- [Data extract]:
- - - - -

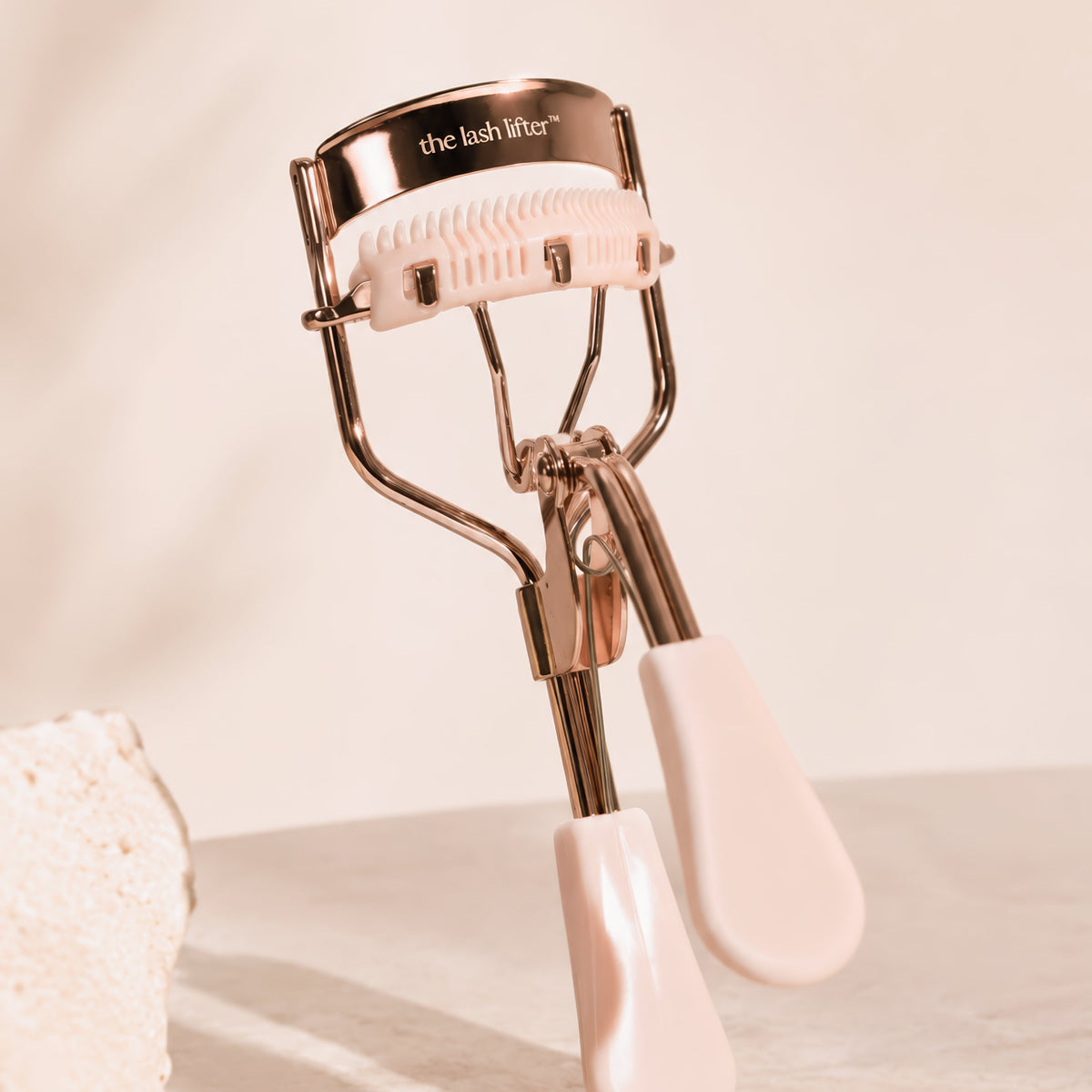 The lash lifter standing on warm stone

- - - - -

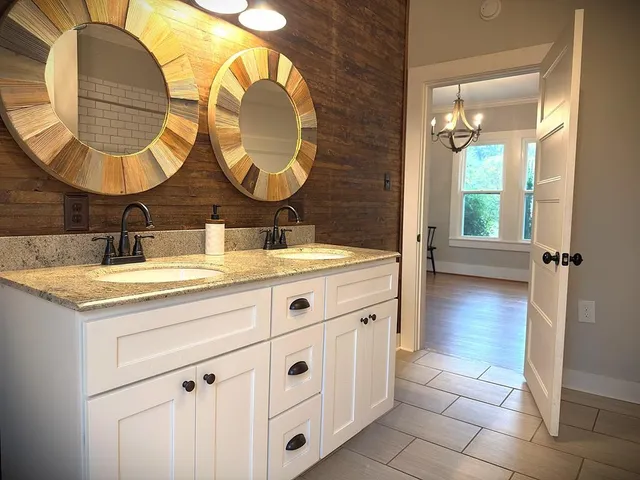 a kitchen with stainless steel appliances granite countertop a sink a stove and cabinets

- - - - -

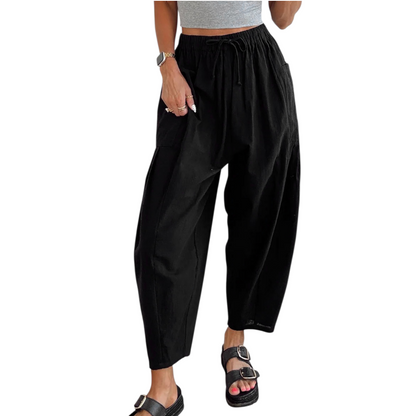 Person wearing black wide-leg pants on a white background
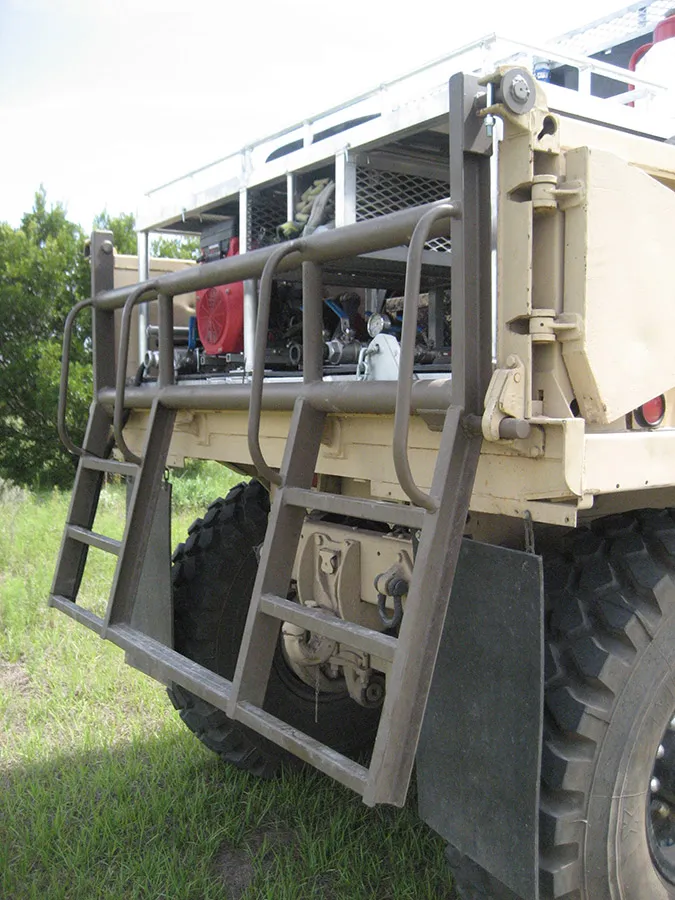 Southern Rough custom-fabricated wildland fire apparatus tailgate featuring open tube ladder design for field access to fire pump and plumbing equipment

- - - - -

- [Exercise details]: The reply should hold the entries above from the line with "Person wearing black" to the line with "Southern Rough custom-fabricated", duplicated exactly, pictures excluded.

- [Result of this exercise]:
 Person wearing black wide-leg pants on a white background
 Southern Rough custom-fabricated wildland fire apparatus tailgate featuring open tube ladder design for field access to fire pump and plumbing equipment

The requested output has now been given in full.